▸ TASK REQUIREMENTS: Write the records out again exactly, leaving no images in.

▸ RECORD EXTRACTS:
......

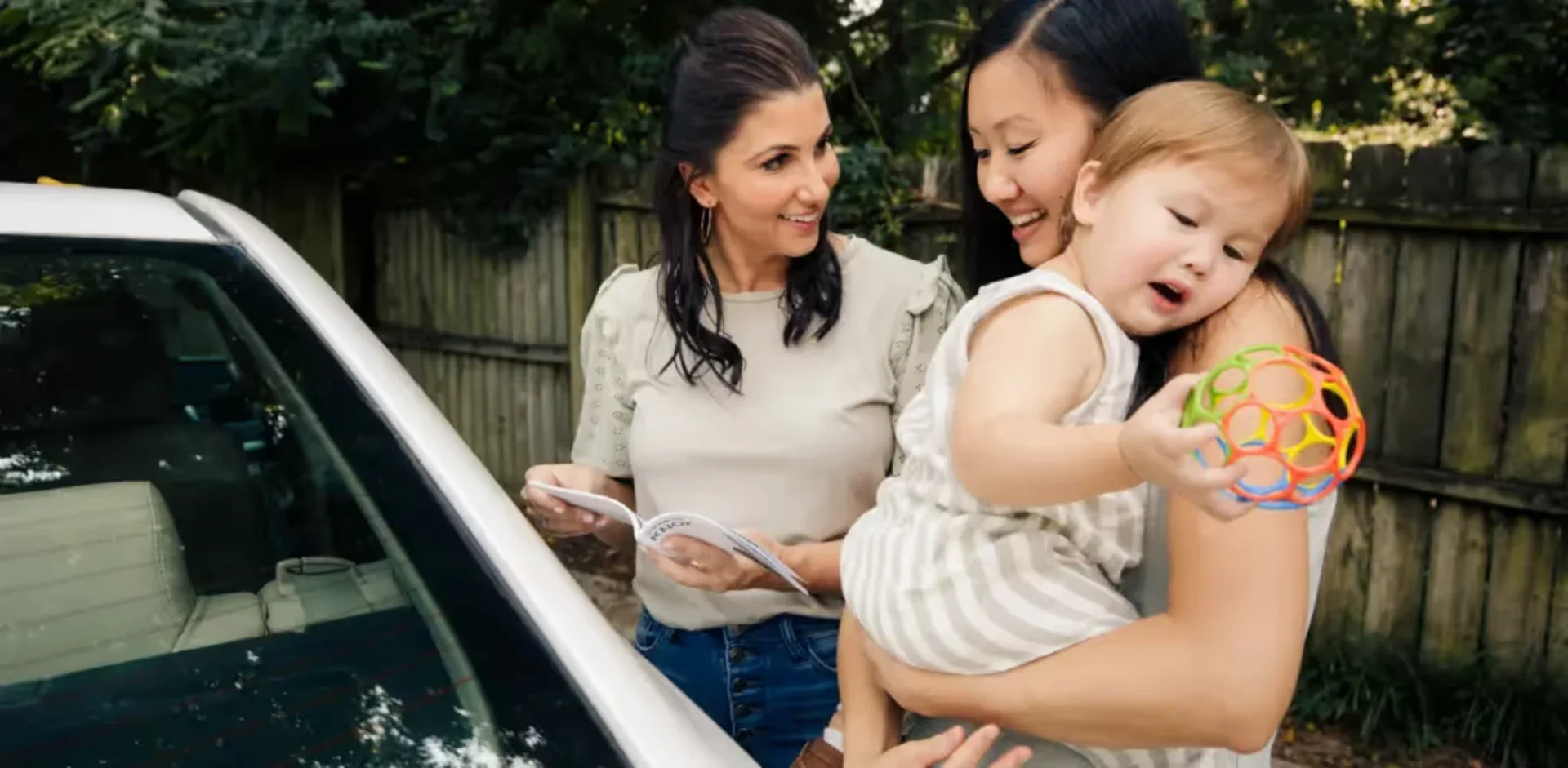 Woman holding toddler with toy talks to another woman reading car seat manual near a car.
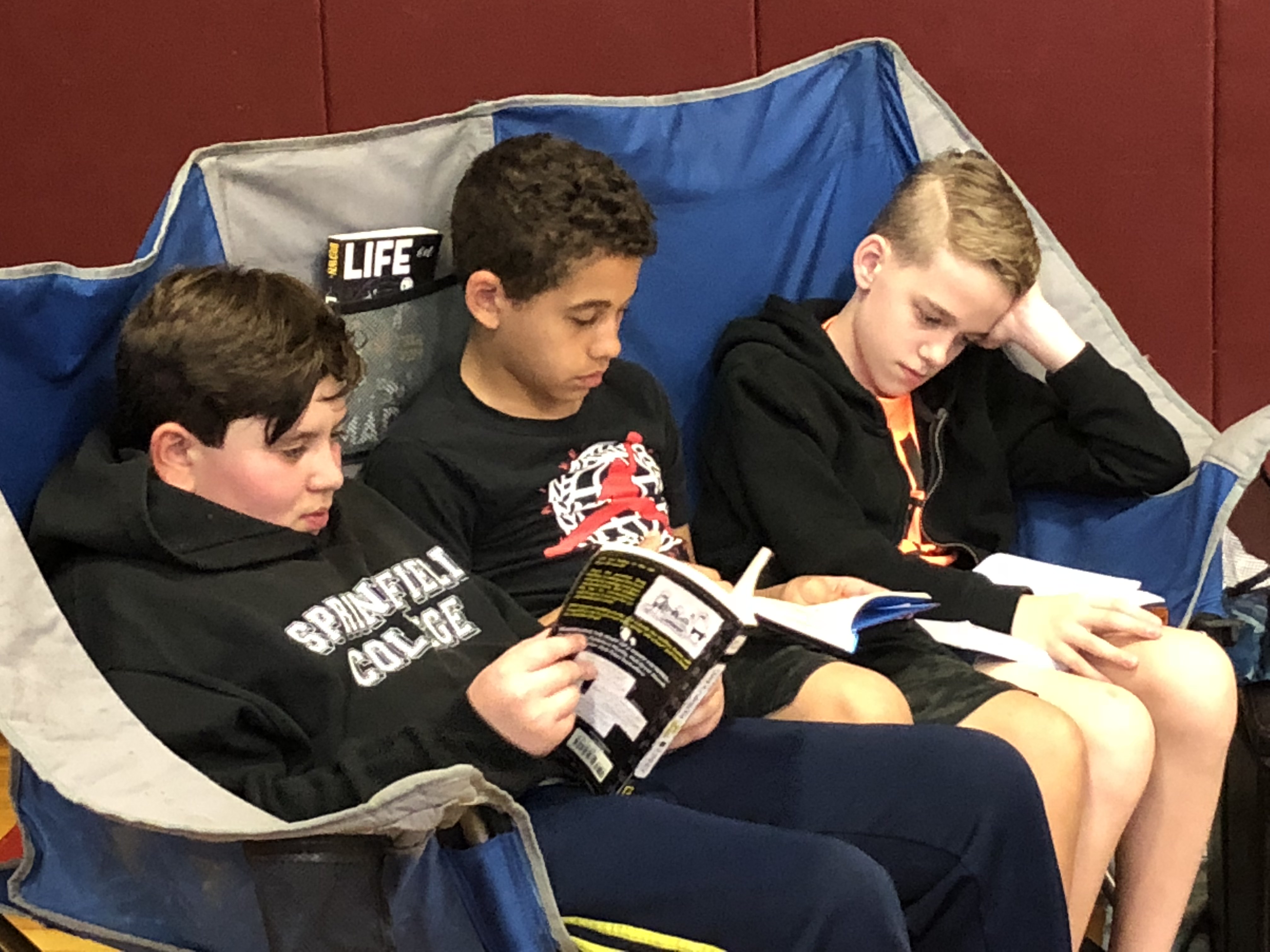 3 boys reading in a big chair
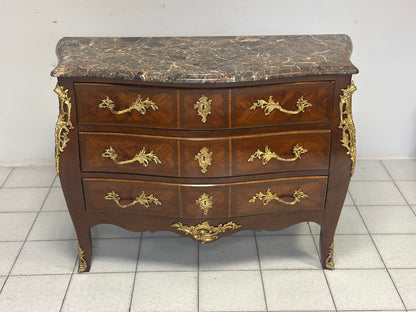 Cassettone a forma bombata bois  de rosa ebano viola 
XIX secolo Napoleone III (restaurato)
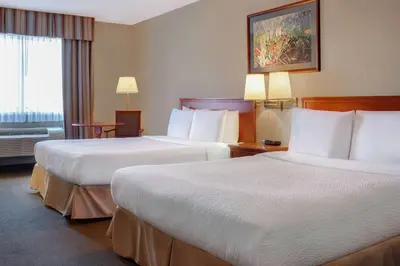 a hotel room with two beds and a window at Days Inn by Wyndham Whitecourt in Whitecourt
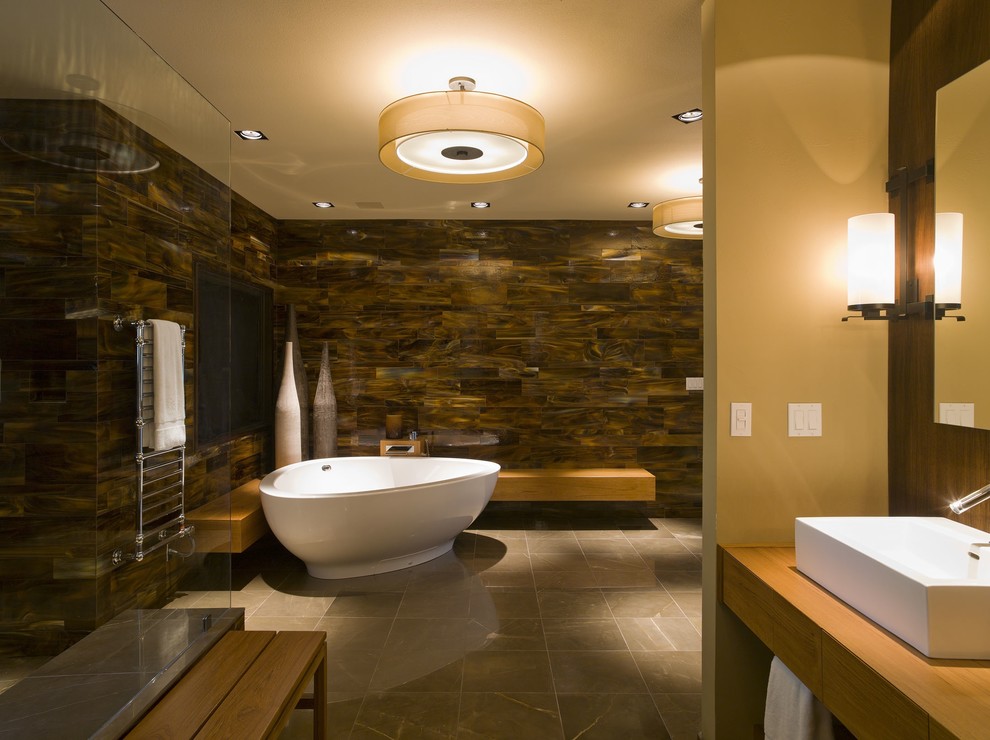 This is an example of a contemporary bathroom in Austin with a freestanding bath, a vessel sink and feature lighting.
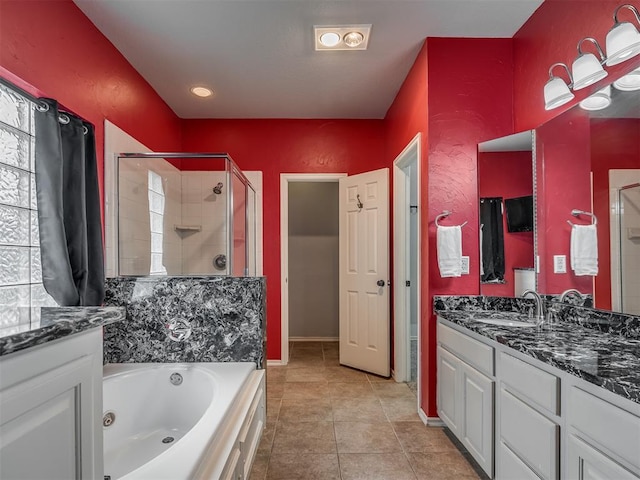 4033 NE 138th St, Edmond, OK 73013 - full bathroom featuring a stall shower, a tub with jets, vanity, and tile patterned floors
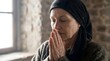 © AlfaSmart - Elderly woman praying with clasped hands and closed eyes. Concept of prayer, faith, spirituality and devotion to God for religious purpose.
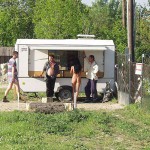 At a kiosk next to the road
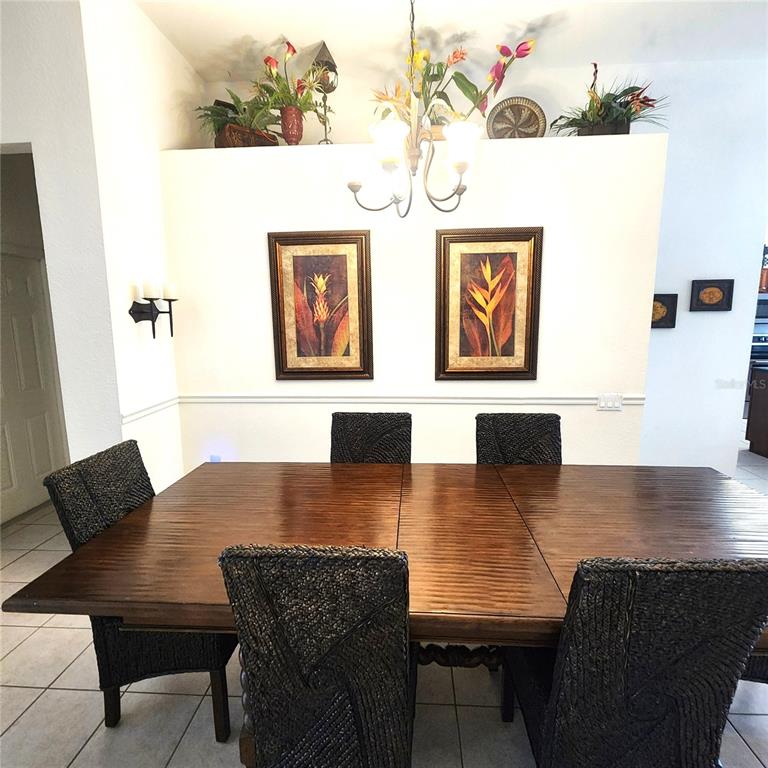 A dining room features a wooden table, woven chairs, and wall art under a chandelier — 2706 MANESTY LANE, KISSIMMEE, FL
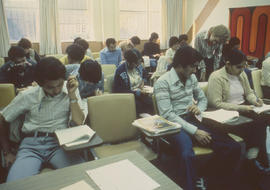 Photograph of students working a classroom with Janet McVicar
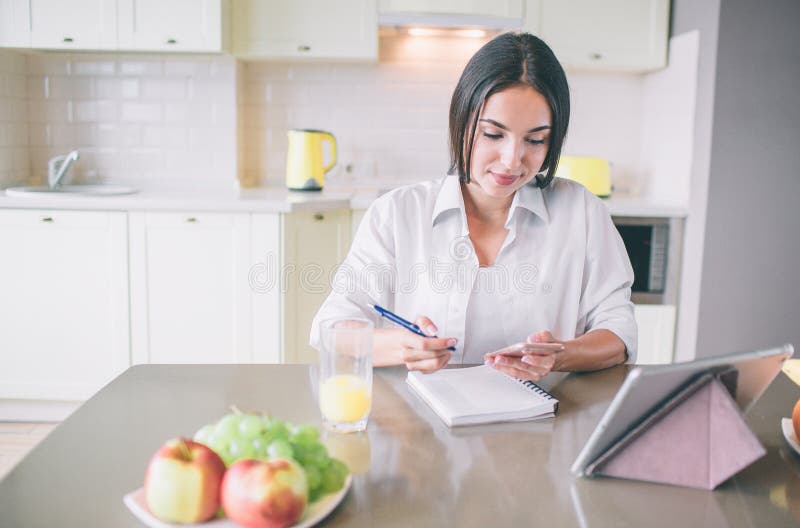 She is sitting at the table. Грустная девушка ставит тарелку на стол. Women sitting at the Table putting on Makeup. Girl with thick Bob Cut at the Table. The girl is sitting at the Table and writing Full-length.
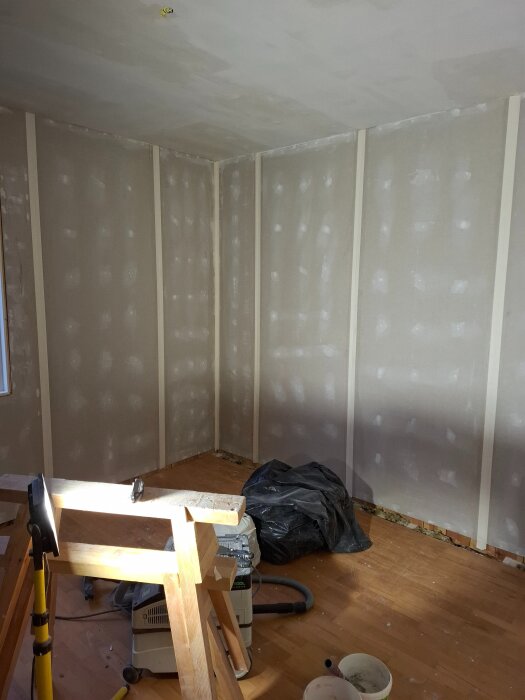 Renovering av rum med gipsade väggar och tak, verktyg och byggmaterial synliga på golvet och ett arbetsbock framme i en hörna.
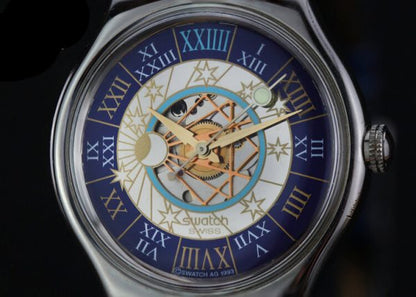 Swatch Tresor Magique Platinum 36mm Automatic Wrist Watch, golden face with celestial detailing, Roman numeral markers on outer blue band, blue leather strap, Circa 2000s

......

▸ THE ANSWER:
 Woman holding toddler with toy talks to another woman reading car seat manual near a car.
 3 boys reading in a big chair
 Cassettone a forma bombata bois  de rosa ebano viola 
XIX secolo Napoleone III (restaurato)
 a hotel room with two beds and a window at Days Inn by Wyndham Whitecourt in Whitecourt
 This is an example of a contemporary bathroom in Austin with a freestanding bath, a vessel sink and feature lighting.
 4033 NE 138th St, Edmond, OK 73013 - full bathroom featuring a stall shower, a tub with jets, vanity, and tile patterned floors
 © AlfaSmart - Elderly woman praying with clasped hands and closed eyes. Concept of prayer, faith, spirituality and devotion to God for religious purpose.
 At a kiosk next to the road
 A dining room features a wooden table, woven chairs, and wall art under a chandelier — 2706 MANESTY LANE, KISSIMMEE, FL
 Photograph of students working a classroom with Janet McVicar
 She is sitting at the table. Грустная девушка ставит тарелку на стол. Women sitting at the Table putting on Makeup. Girl with thick Bob Cut at the Table. The girl is sitting at the Table and writing Full-length.
 Renovering av rum med gipsade väggar och tak, verktyg och byggmaterial synliga på golvet och ett arbetsbock framme i en hörna.
 Swatch Tresor Magique Platinum 36mm Automatic Wrist Watch, golden face with celestial detailing, Roman numeral markers on outer blue band, blue leather strap, Circa 2000s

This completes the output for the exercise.